Mrs Amira Elfadil Mohammed, Commissioner for Social Affairs, African Union Commission said “there is an urgent need for global solidarity, cooperation, and appropriate regulation to ensure equitable access to potential COVID-19 vaccine. The African Union will continue to partner with GAVI, WHO and other relevant stakeholders in the development of COVID-19 vaccine.”
CONCVACT would be co-chaired by Dr Salim Abdool Karim, Head of the Ministerial Advisory Committee for COVID-19 in South Africa; Dr Samba Sow, Director-General, Centre for Vaccine Development of Mali; and Dr John Nkengasong, Director of Africa CDC.
Other members of the consortium would include representatives of key organisations supporting clinical trials on the continent, including the WHO, The Africa Academy of Sciences’ Clinical Trials Community, Institute Pasteur, African Vaccine Regulatory Forum, African Medicines Agency, NEPAD, and others.
Prof Moustafa Mijiyawa, Chair of the Africa CDC Governing Board and Minister of Health of Togo, said, “The African initiative to develop a vaccine against the new coronavirus is welcome and should be encouraged. Through this initiative, Africa will be at the forefront as the world seeks to overcome the COVID-19 pandemic.”
Africa CDC would embark on a multi-stakeholder partnerships drive to advance CONCVACT and other subsidiary initiatives, to ensure broad endorsement and support across Africa, by institutions and the African people.
“Africa must play an active role in securing an effective vaccine against COVID-19. This is about our future and our development,” said Dr John Nkengasong.
CONCVACT aims to secure more than 10 late stage vaccine clinical trials as early as possible on the continent by bringing together global vaccine developers and funders, as well as African organizations that facilitate clinical trials. The goal is to ensure that sufficient data is generated on the safety and efficacy of the most promising vaccine candidates for the African population so they can be confidently rolled out in Africa once vaccines are approved.

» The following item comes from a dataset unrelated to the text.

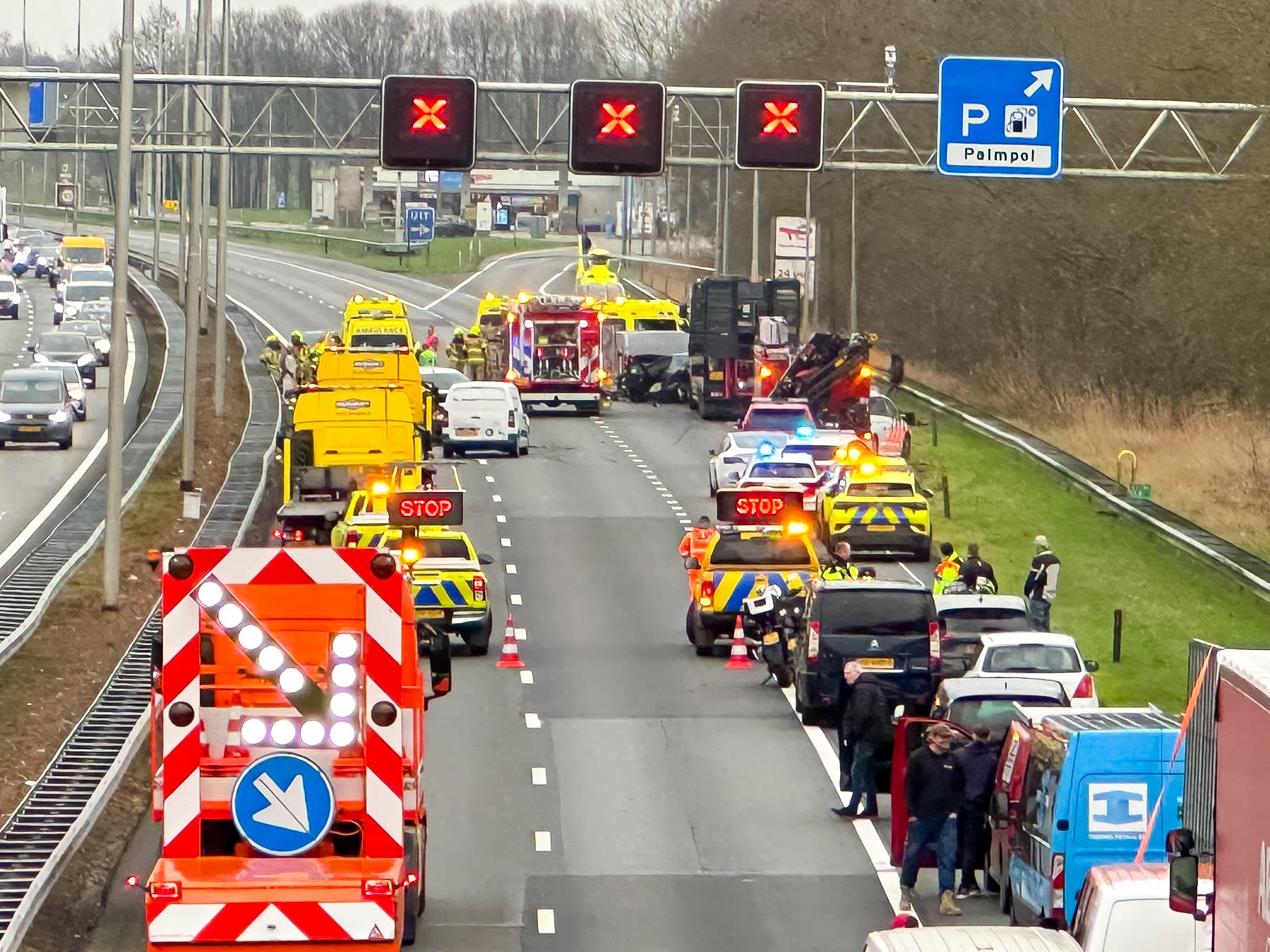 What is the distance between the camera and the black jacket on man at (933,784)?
17312 mm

CONCVACT would focus on dismantling the most critical barriers to clinical trials by: establishing partnerships with leading vaccine developers to host select late-stage trial sites in Africa; identify countries and regions where opportunities to conduct trials are most promising (e.g. availability of strong local trial sponsors, good clinical practice investigators, access to granular epidemiologic data, support from regulatory bodies).
Setting up an independent review board to provide guidance, assistance and oversight to clinical trials and engage with African and global media and key opinion leaders on the continent to increase public awareness of the need and importance of hosting well-regulated clinical trials in Africa.
Providing objective, fact-based scientific guidance for interpreting the results of clinical trial data and engaging global donors that are interested in investing in scaling-up vaccine distribution in Africa to raise sufficient funds to support the trials.